Report: 152 Afghan trainees went AWOL in U.S. since 2005

An Afghan national army soldier fires during a military maneuver Tuesday at the outskirt of Kabul, Afghanistan. A watchdog group reported 152 Afghan soldiers training in the United States have fled military bases and gone AWOL since 2005. File Photo by Jawad Jalali/EPA

Oct. 22 (UPI) — More than 150 Afghan troops training in the United States have fled military bases and gone AWOL since 2005, according to a new military watchdog report.

The Special Inspector General for Afghanistan Reconstruction found that 152 of the 320 foreign military trainees that went AWOL while training in the United States were from Afghanistan.

Of that total, 13 of the trainees were still at large and 70 fled the United States as of March 7. Among the others, 39 gained legal status in the United States, 27 were arrested, removed or in the process of being taken out of the United States and three returned to their training base.

They have fled bases that include Lackland Air Force Base in Texas; Fort Rucker, Ala.; Fort Benning, Ga.; Fort Leonard Wood, Mo., and Fort Huachuca, Ariz.

The report noted that AWOLs have increased as the death toll of Afghan police and military rose. In the latest incident Saturday, at least 15 military cadets died in a bombing of their minibus in Kabul, bringing the death toll from attacks in Afghanistan to more than 150 in one week.

Nearly $70 billion has been spent to train and equip the Afghan security forces, the report said.

President Donald Trump has ordered more troops to fight in the Afghanistan war against the Taliban, which has already led to the deaths of 2,200 U.S. troops and several thousand Afghan forces.

John F. Sopke, the inspector general, said the numbers will increase because “the security situation in Afghanistan has continued to deteriorate.”

He noted numbers have been increasing because of threats of death, widespread corruption and dismal job prospects.

“We found that the increasing instances of AWOL since 2015 may have had a negative impact on operational readiness of Afghan National Defense and Security Forces units and the morale of fellow trainees and home units, and posed security risks to the United States,” Sopke said.

Sopke, in a letter to Secretary of State Rex Tillerson, Secretary of Defense Jim Mattis and acting Secretary of Homeland Security Elaine Duke, suggested Defense Department mentors “work closely” with Afghanistan’s defense and interior ministries.
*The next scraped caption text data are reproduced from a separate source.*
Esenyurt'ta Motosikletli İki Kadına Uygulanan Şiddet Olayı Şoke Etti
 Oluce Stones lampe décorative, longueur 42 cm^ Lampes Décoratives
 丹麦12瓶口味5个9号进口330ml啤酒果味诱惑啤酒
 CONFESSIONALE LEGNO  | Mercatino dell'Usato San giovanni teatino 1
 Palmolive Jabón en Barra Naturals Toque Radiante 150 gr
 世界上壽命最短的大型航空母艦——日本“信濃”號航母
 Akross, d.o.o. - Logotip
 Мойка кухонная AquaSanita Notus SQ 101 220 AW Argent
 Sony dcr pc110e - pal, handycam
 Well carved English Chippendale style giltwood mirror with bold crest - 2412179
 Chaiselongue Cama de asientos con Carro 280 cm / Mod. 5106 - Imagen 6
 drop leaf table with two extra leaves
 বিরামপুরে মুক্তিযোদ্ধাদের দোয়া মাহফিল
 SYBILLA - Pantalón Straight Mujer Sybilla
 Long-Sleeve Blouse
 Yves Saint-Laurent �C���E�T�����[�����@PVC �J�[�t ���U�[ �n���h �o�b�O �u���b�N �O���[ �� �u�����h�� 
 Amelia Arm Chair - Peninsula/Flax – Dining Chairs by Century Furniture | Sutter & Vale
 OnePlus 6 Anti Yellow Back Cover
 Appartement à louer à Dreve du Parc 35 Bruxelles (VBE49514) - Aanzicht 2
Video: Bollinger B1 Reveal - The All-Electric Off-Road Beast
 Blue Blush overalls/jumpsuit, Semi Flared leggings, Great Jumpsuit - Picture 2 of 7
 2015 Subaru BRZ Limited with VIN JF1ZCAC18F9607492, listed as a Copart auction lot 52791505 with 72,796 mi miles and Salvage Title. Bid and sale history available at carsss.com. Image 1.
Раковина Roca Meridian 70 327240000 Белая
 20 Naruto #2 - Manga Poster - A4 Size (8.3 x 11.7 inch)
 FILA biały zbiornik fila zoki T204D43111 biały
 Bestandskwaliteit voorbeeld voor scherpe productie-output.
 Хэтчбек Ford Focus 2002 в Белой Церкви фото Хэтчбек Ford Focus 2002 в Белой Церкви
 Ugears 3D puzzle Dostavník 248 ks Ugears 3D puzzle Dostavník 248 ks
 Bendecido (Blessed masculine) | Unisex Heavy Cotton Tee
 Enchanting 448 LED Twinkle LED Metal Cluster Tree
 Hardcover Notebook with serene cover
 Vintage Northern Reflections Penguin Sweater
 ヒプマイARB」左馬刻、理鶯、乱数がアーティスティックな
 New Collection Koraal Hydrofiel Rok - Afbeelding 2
He also suggested better coordination with U.S. Immigration and Customs Enforcement and U.S. Citizenship and Immigration Services.

Sen. Charles E. Grassley, R-Iowa, chairman of the Judiciary Committee, addressed his concerns in a letter to Tillerson and Duke.

“There are so many problems here, it’s hard to know where to start,” Grassley said in a release. “If the U.S. government can’t keep tabs on foreign military trainees, maybe the training shouldn’t take place in the United States. The report also shines new light on the old problem of agency failures to communicate with each other, even under the same departmental umbrella. They have to do a better job of that, especially those fulfilling the No. 1 responsibility of the federal government of protecting the homeland.”